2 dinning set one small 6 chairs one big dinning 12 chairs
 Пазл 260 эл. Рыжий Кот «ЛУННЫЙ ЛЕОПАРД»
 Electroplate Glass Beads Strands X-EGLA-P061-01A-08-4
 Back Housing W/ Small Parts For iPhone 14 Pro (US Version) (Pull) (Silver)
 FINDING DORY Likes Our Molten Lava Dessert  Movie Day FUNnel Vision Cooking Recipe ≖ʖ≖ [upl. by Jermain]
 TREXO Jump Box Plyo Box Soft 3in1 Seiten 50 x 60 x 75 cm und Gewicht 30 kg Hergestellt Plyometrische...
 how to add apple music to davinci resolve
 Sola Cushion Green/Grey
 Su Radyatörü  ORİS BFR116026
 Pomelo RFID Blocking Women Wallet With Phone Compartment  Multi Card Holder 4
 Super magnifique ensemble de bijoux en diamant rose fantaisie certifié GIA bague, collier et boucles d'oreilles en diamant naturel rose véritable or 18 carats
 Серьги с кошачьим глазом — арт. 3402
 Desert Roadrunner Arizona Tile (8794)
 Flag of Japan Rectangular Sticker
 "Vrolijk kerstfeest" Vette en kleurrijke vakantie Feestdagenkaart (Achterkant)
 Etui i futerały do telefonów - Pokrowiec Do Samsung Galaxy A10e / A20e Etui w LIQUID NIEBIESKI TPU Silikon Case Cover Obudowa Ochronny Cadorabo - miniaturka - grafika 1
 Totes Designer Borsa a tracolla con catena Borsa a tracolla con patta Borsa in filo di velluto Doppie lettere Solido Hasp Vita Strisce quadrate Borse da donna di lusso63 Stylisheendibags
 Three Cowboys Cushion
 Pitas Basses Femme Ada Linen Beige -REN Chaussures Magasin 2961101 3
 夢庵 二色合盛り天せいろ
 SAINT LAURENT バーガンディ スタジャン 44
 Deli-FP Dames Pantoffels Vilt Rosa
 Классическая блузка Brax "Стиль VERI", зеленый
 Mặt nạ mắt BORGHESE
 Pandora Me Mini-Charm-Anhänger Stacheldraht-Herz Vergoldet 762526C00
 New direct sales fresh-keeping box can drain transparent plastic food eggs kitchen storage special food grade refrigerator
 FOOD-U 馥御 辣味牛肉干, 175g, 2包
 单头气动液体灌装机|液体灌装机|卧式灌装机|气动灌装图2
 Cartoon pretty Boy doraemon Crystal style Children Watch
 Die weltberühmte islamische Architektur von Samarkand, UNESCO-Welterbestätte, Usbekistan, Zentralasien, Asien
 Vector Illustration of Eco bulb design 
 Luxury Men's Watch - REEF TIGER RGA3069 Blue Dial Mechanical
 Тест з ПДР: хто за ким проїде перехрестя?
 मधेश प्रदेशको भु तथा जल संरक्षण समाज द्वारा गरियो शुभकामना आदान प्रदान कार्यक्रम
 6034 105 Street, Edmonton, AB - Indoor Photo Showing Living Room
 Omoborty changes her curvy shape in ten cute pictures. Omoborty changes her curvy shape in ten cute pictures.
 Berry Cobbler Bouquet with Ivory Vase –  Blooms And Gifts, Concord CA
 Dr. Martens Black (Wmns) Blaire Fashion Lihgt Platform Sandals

==========

Exercise brief:
Which lines run from the one holding "मधेश प्रदेशको भु" through the one holding "Berry Cobbler Bouquet" in the records above? Repeat them exactly, both included, and nothing more.

Answer area:
 मधेश प्रदेशको भु तथा जल संरक्षण समाज द्वारा गरियो शुभकामना आदान प्रदान कार्यक्रम
 6034 105 Street, Edmonton, AB - Indoor Photo Showing Living Room
 Omoborty changes her curvy shape in ten cute pictures. Omoborty changes her curvy shape in ten cute pictures.
 Berry Cobbler Bouquet with Ivory Vase –  Blooms And Gifts, Concord CA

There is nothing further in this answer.